#### THE TASK
Could you print all the entries below exactly as they appear, omitting the pictures?

Dataset records:
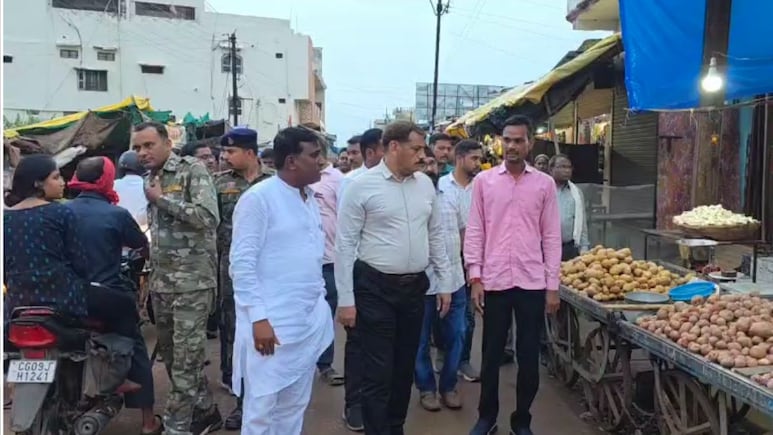कवर्धा में सड़क पर ठेला लगाने वालों पर होगी कार्रवाई, कलेक्टर ने नवीन बाजार से कर्मा माता चौक तक किया निरीक्षण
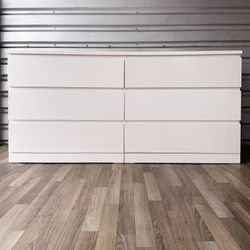 IKEA Dresser in White⚡️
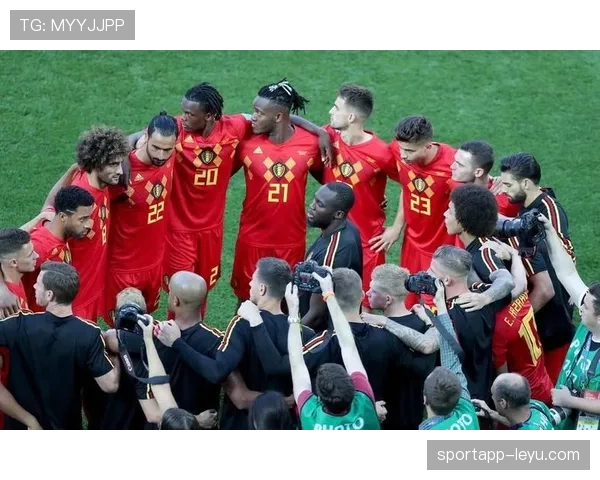 南美杯激战正酣:多队争抢小组出线名额形势胶着 南美杯激战正酣:多队争抢小组出线名额形势胶着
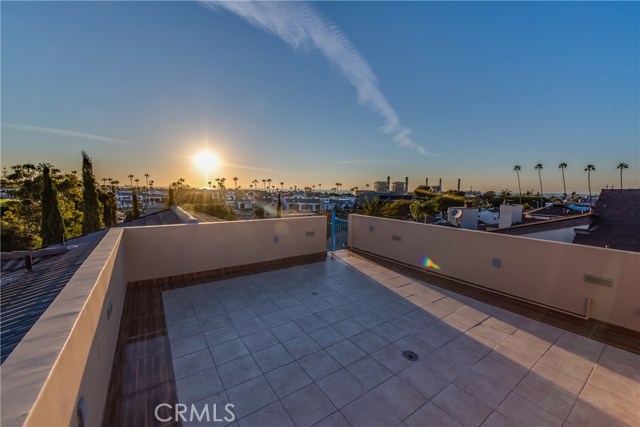 607 Guadalupe Avenue, Redondo Beach, California 90277, 4 Bedrooms Bedrooms, ,4 BathroomsBathrooms,Residential,Sold,Guadalupe,PV18043170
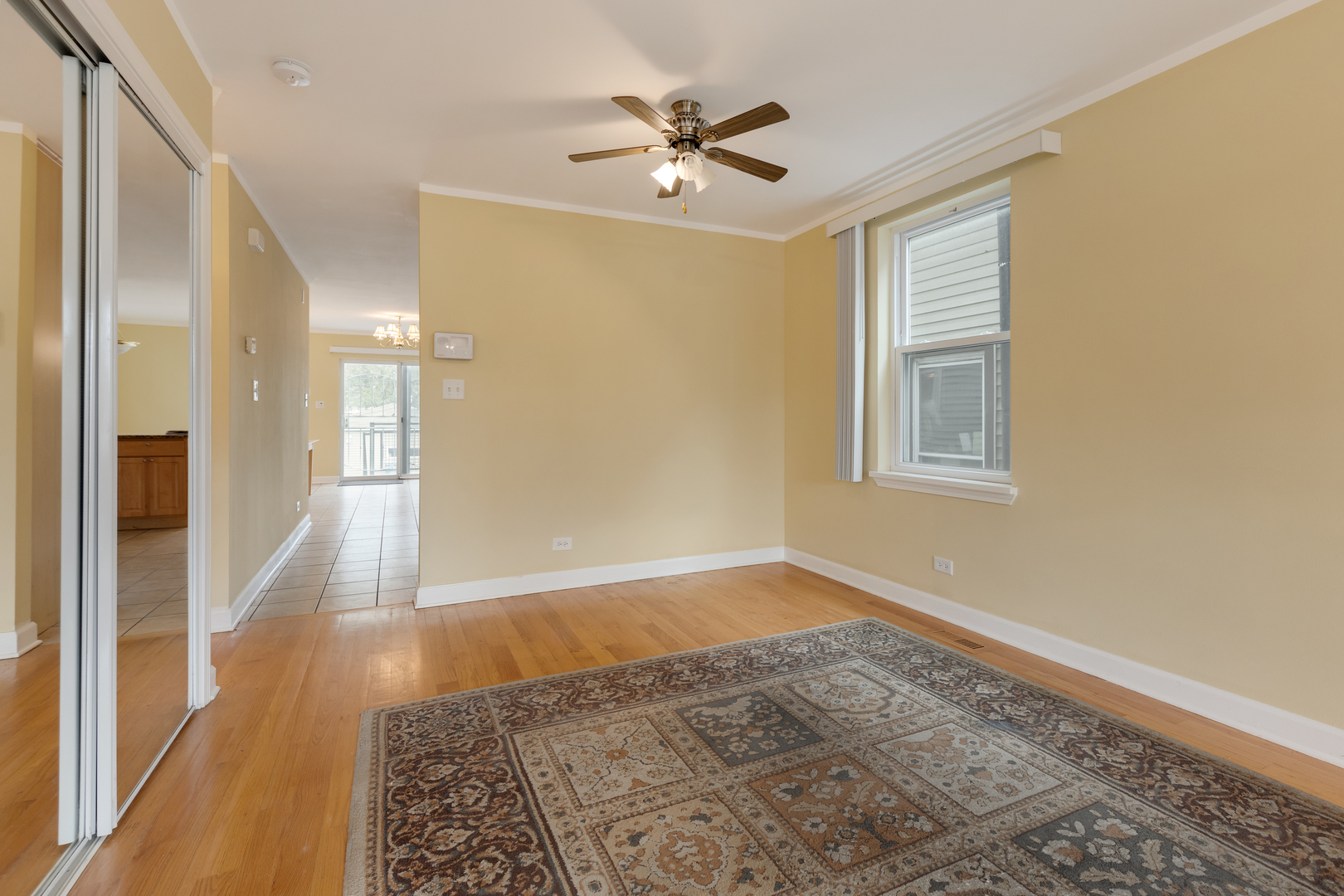 5242 W Ferdinand Street Property Photo 4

#### ANSWER TO THIS TASK
कवर्धा में सड़क पर ठेला लगाने वालों पर होगी कार्रवाई, कलेक्टर ने नवीन बाजार से कर्मा माता चौक तक किया निरीक्षण
 IKEA Dresser in White⚡️
 南美杯激战正酣:多队争抢小组出线名额形势胶着 南美杯激战正酣:多队争抢小组出线名额形势胶着
 607 Guadalupe Avenue, Redondo Beach, California 90277, 4 Bedrooms Bedrooms, ,4 BathroomsBathrooms,Residential,Sold,Guadalupe,PV18043170
 5242 W Ferdinand Street Property Photo 4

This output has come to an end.